People who run successful professional practices or small businesses have more reason than most people to draft estate plans. They need to take appropriate steps to protect not just their loved ones but also the businesses that they created.
Those concerned about the future of the company that they operate, in addition to the investment it represents, may want to consider establishing a trust to hold and manage the business. Doing so could allow for a smoother transition when an owner dies or becomes incapacitated.
How does a business trust help?
Traditional estate planning tactics can fall short of meeting the needs of business owners. For example, simply bequeathing a business or professional practice to a loved one might lead to a host of complications. They may not gain control until the completion of the probate process, at which point the company may have already been struggling.
There is also nothing preventing a beneficiary from selling the company or even liquidating its assets for short-term profit.
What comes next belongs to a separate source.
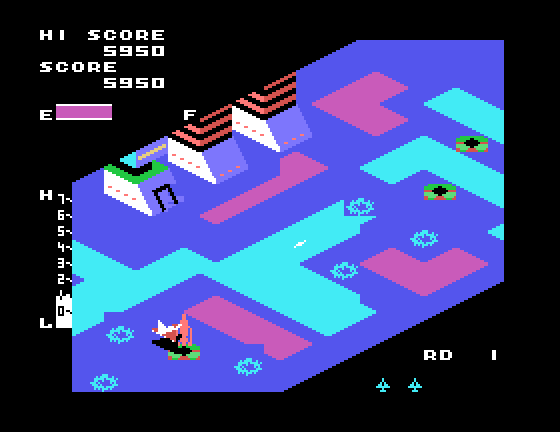 Zaxxon Sega SG-1000 Screenshot: Yikes, avoid those missiles!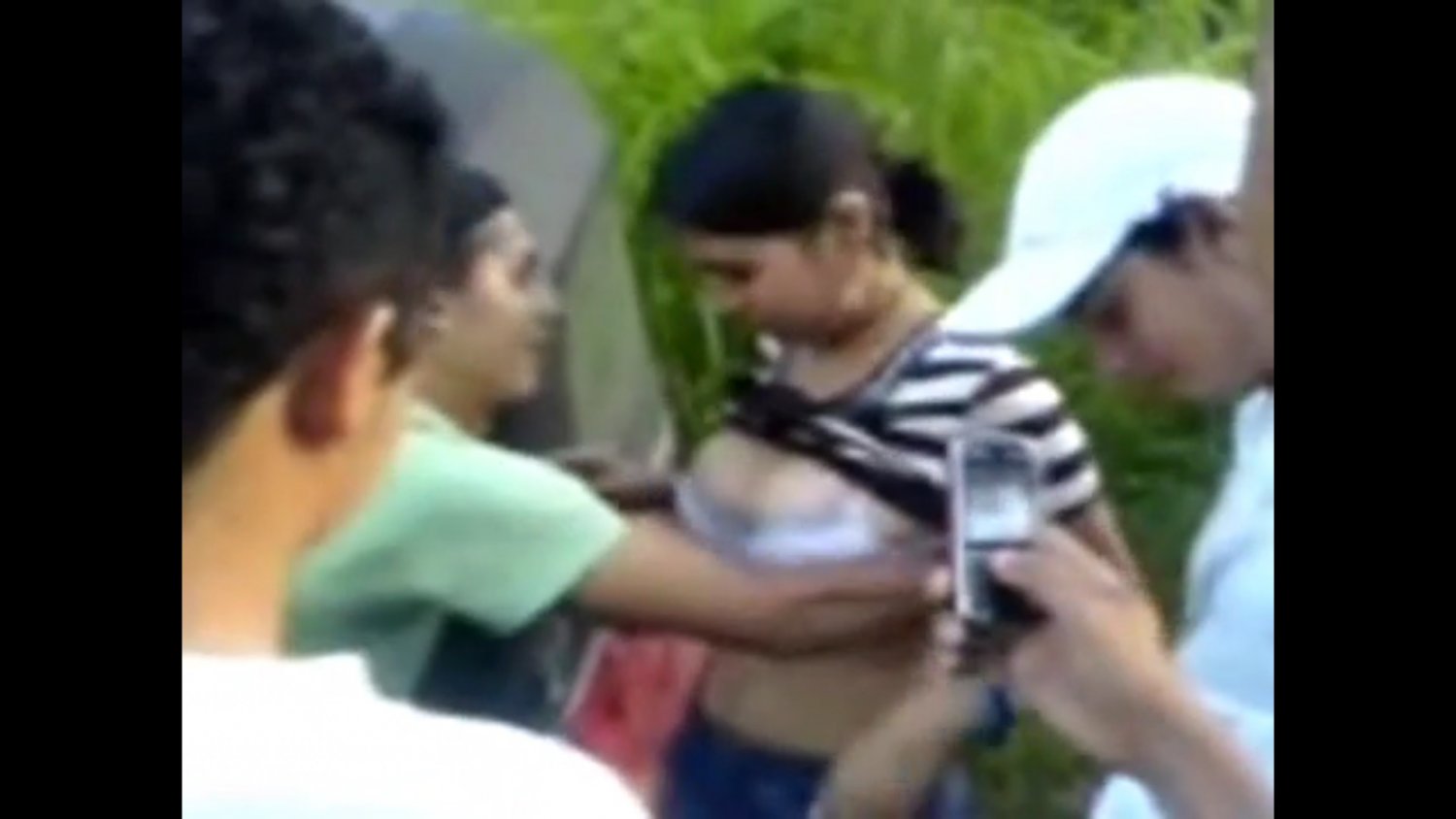 Five guys VS Mexican girl (old video) #9jbAZ9Pf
A business trust provides more structure and control. The trustee can manage business operations without waiting for the completion of probate proceedings.
It is possible for the trustor to choose a trustee who can competently manage the business and name beneficiaries to receive profits from successful operations. A trust may allow for the long-term preservation of the business while still ensuring that certain people benefit from its continued operations.
Transferring ownership of a business to a trust can be a complex process. Creating effective trust documents often requires the support of a legal professional. Business owners concerned about protecting their business, not just ensuring the inheritance rights of immediate family members, may want to look into many options for integrating the company into their estate plan, including the creation of a trust.